Engkau salah besar, sayang, jika menganggap aku orang yang benar-benar kuat menghadapi terpaan dan mengatakannya kepada teman-temanmu. Aku berusaha untuk tegar di hadapan orang-orang meskipun hati ini tinggallah serpihan-serpihan. Kehadiranmu, kaulah semangat perjalanan hidupku. Aku bersumpah. Aku bahkan tak memiliki alasan untuk menahan hidup lebih lama lagi tanpamu.
Aku jadi sering mengkhayalkanmu, tidak nikmat tidur selama berbulan2 dan entah akan sampai berapa lama keadaan ini bertahan. Tak habis pikir, mengapa setiap awalan harus selalu berakhir. Sempat terlintas dalam benakku untuk bersatu denganmu secepatnya, tapi aku tidak terlalu menyukai alur yang tokohnya harus berakhir di akhir cerita.

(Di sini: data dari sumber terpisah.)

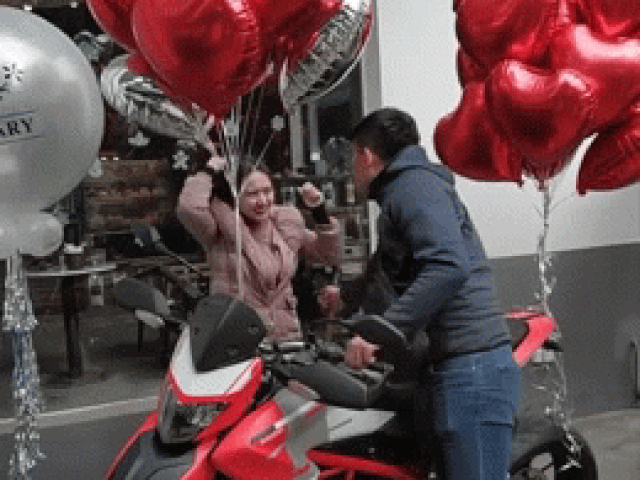 NÓNG: Vợ trẻ chi nửa tỷ mua xe Ducati tặng chồng nhân kỉ niệm ngày cưới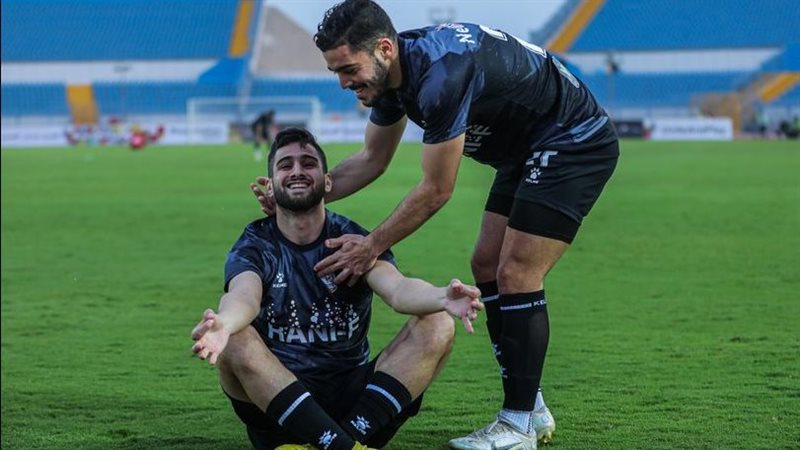 رزقي حمرون، فيتو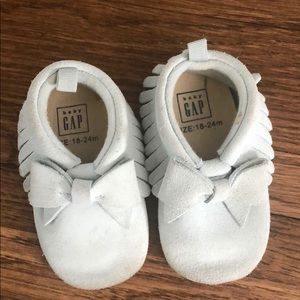 Baby blue, bow moccasin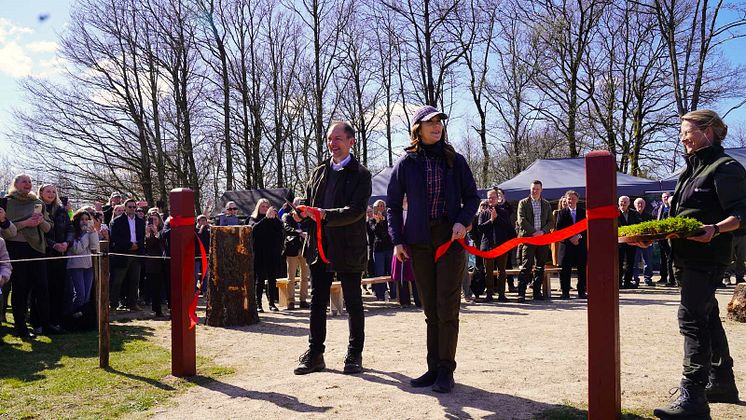 H.M. Dronning Mary  og minister Jeppe Bruus klipper snoren til den nye sti, 6. april_Foto, Naturstyrelsen, 2025.jpg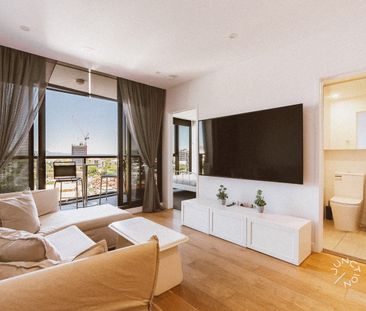 Fully Furnished + Fabulous Views in the Heart of Fortitude Valley - Photo 6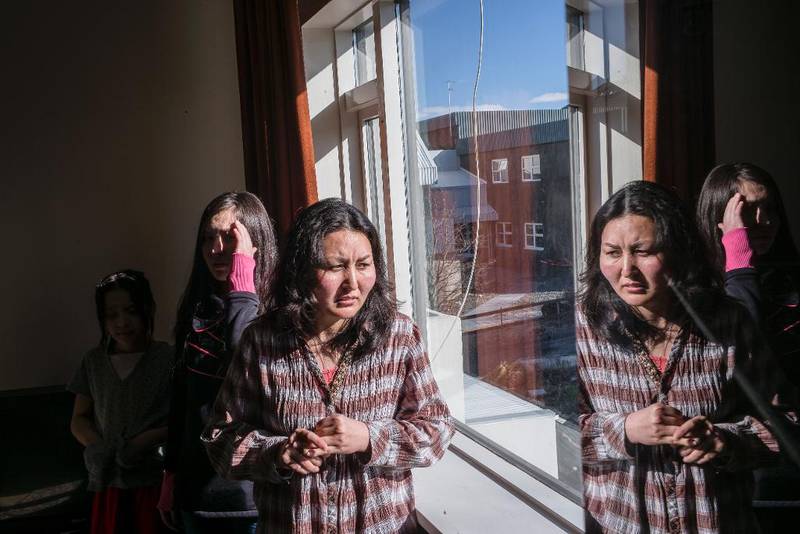 Atefeh Mohammadi ser framtiden lyst i møte mens hun kikker bort på den tekniske skolen i Reykjavik der hun har planlegger å utdanne seg til elektriker en dag.
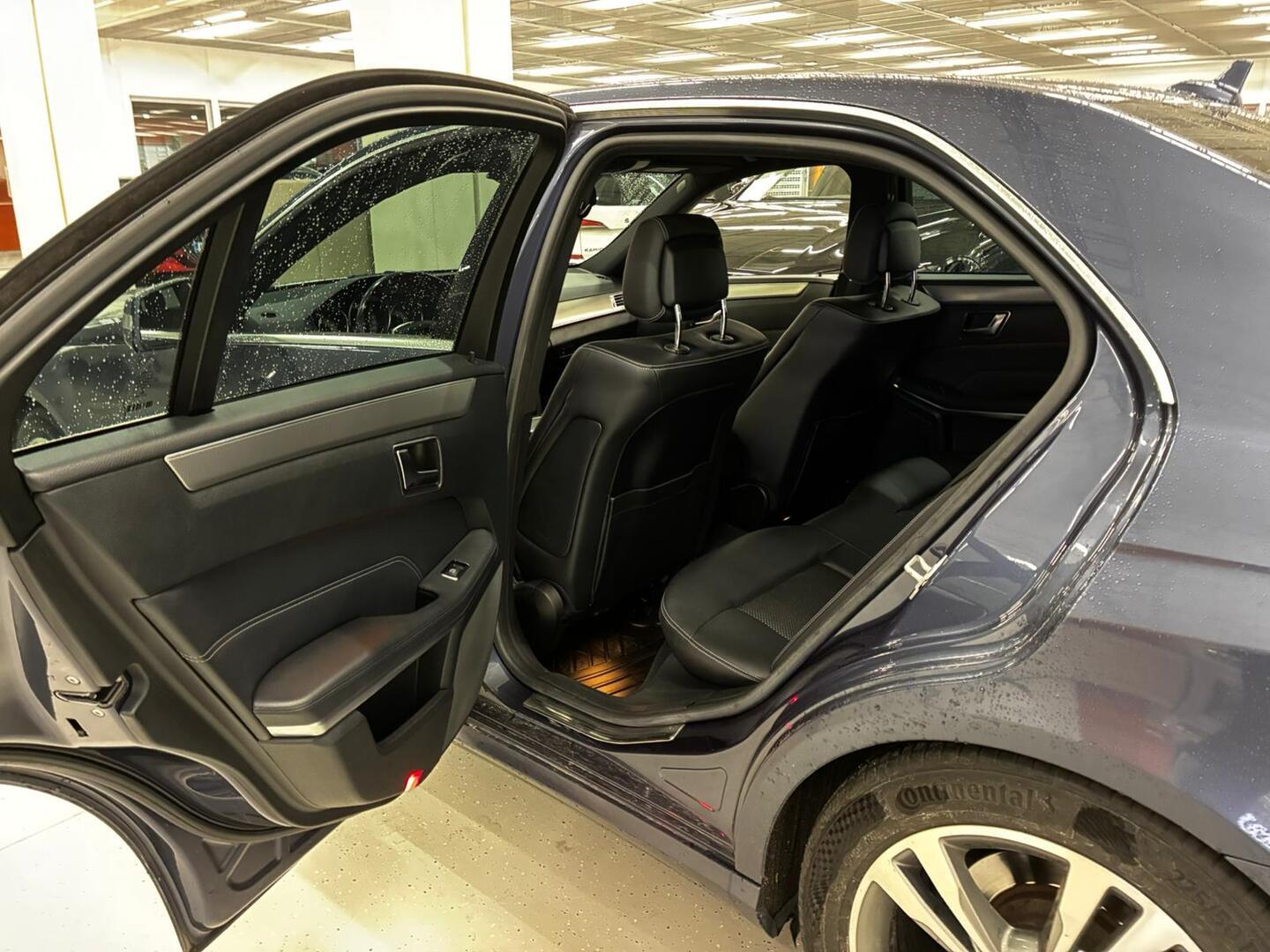 MERCEDES-BENZ E 2015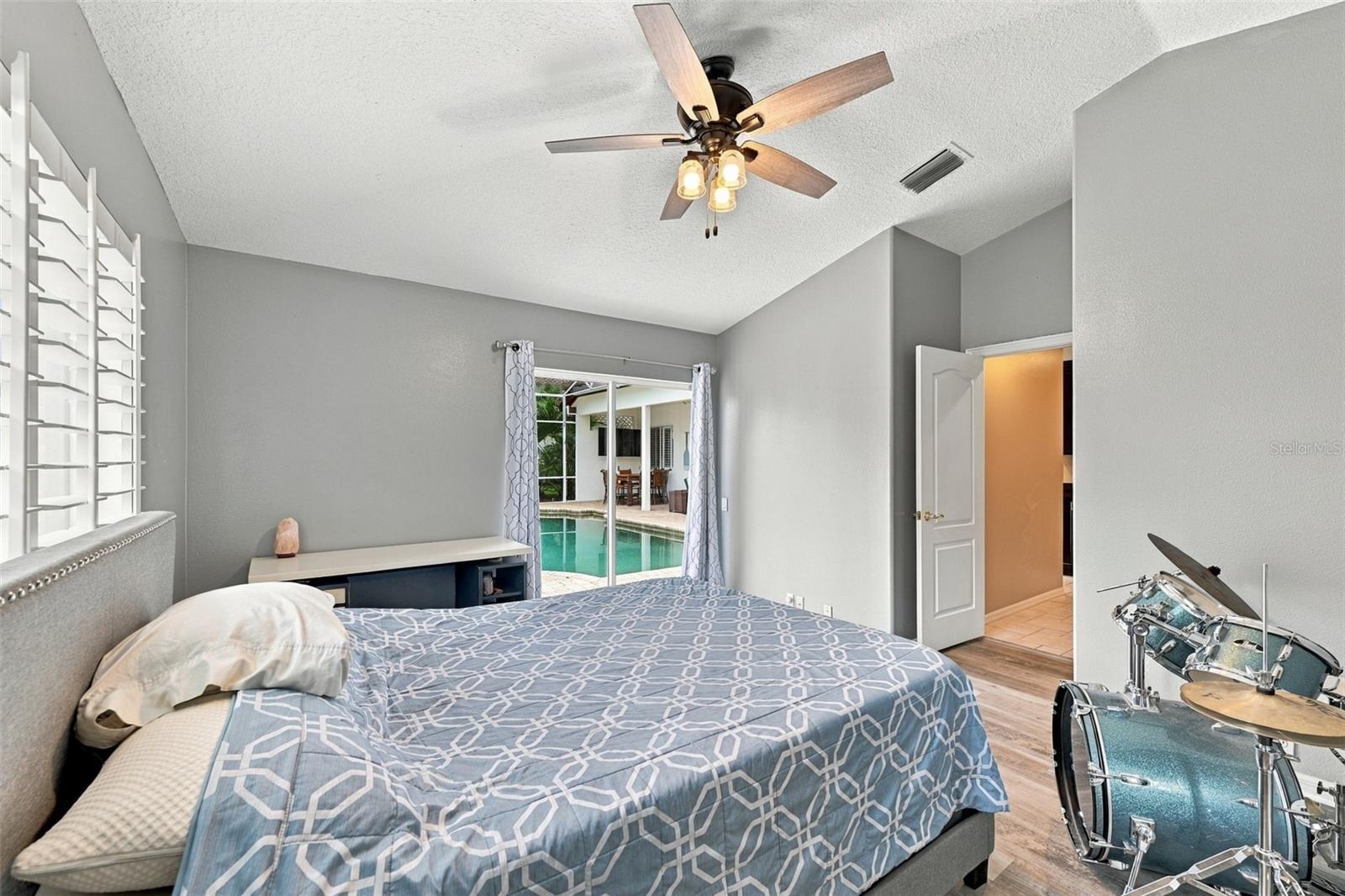 3921 ARLINGTON DR — photo 42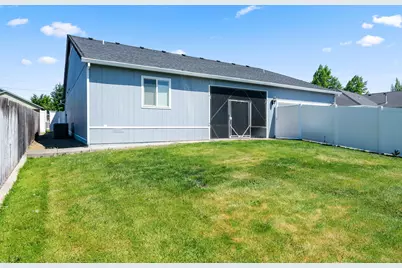 628 Barton Road, Eagle Point, OR 97524 - Photo 26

Dahulu, setiap saat kau ingin selalu bersama denganku. Kini aku menyesal. Menyesali setiap jengkal kebodohanku yang tak bisa menangkap firasat kuat itu. Bahkan ketika kau menceritakan tentang mimpimu bertemu anubis si anjing, atau mimpi tentang kau dikafani. Ah, aku terlalu bodoh untuk menerjemahkan segala. Aku pun terus mengutuki diriku sebagai pembunuh karena membiarkanmu berlalu. Seharusnya aku membawamu ke rumah sakit yang paling bonafit sekalipun aku tahu itu tidak akan menunda waktumu untuk pulang.
 “Mengapa kau tidak bertahan, setidaknya sampai kita benar-benar mereguk kebahagiaan?” Aku berteriak dalam hati yang kosong. Tapi tak pernah kudengar jawabmu. Yang kudapati hanya semilir angin yang membuatku tercenung. Mungkin kau terlalu lelah dengan hidup yang begitu-begitu saja.
Baiklah cantik, aku akan mencoba sedikit mengerti dan menjalani kembali apa-apa yang ada di muka sambil menunggu saat kita bisa bersama lagi. Bila dunia fana bukanlah tempat kita berkumpul, biarlah aku menyimpan harapanku di lain tempat.

Jatinangor, April 2007

*) terinspirasi oleh puisi Aku Ingin karya Sapardi Djoko D.